No primeiro capítulo, de caráter introdutório, contextualizam-se as raízes profundas da criação de bovinos na ilha Terceira. Acompanhando os povoadores do século XV, os primeiros animais dão origem a uma estruturante tradição pecuária nas nove ilhas dos Açores, orientada para a produção de carne e de leite, que nesta ilha de Jesus deriva também para a criação de toiros bravos, com direta ligação à tauromaquia, dominando a paisagem interior, determinando a identidade cultural, dinamizando a convivência social, estimulando a economia local.

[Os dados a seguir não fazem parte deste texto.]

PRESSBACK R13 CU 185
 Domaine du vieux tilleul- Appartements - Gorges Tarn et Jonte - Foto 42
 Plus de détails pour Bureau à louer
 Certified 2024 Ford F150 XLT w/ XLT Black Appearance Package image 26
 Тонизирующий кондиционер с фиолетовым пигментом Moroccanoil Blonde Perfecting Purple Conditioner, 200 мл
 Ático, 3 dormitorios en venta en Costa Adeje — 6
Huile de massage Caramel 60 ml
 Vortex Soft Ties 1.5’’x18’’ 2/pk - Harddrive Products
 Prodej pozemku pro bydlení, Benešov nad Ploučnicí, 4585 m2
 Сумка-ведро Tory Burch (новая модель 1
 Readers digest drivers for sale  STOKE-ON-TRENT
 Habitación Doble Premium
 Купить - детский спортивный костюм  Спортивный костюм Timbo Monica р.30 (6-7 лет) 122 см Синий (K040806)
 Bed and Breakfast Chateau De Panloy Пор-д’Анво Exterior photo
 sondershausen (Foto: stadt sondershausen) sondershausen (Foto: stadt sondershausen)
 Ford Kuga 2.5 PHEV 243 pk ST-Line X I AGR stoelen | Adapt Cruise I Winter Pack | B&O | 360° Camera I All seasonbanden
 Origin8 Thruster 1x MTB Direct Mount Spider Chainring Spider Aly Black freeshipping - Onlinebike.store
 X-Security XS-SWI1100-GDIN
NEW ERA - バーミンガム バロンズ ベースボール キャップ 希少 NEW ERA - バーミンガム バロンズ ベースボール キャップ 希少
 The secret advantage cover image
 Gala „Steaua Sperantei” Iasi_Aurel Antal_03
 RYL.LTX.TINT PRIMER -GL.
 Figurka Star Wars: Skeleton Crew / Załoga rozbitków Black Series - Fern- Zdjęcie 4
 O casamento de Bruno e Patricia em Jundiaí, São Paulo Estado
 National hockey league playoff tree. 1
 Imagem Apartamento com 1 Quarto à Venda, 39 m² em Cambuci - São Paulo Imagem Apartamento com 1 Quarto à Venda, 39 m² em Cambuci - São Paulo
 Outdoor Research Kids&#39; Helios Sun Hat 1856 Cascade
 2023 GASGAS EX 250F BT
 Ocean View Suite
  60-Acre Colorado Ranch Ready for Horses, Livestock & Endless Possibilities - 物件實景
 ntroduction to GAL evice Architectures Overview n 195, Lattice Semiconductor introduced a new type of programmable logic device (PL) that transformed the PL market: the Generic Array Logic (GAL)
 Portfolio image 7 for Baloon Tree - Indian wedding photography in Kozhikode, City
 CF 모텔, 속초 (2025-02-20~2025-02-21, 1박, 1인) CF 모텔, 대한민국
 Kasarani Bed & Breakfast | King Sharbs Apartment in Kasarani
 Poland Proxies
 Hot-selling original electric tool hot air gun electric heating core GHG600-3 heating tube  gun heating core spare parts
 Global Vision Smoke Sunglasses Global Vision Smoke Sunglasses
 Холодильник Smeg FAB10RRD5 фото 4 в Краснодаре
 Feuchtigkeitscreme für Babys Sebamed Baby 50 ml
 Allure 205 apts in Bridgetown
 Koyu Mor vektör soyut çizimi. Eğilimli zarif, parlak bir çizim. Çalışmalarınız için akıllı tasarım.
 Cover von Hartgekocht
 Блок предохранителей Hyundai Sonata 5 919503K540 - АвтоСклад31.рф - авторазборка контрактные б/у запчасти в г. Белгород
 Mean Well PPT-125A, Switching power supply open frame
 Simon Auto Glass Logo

Porque afinal, nas palavras de José Paulo Lima, “ser ganadeiro de toiros bravos na ilha Terceira é muito mais do que uma ocupação – é um compromisso de alma, um gesto de amor à terra, à tradição e à identidade cultural de um povo”.

O segundo capítulo evoca e congratula o contributo histórico de Tomaz de Mesquita Borba (1905-1965), essa figura maior da tauromaquia terceirense que origina e determina a linha ganadeira da divisa vermelha.

Os três capítulos seguintes acompanham, também exaustivamente, os diferentes percursos dos seus continuadores – Fernandes de Miranda, Álvaro Inácio Gomes e Eliseu Gomes – que honraram o legado agora adquirido por Fernando Marques, da Quinta do Olé Toiro.

Fernando Manuel Paim Marques, em cuja vida culmina esta obra, nasceu na freguesia praiense de São Brás, a 1 de janeiro de 1960. Com 14 anos de idade, emigrou para o Canadá, para se juntar à família, e cedo começou a trabalhar, sucessivamente nos ramos da restauração, da indústria farmacêutica e da limpeza, até se afirmar no setor da construção com 130 empregados diretos de origem açoriana em 14 companhias de subempreitada.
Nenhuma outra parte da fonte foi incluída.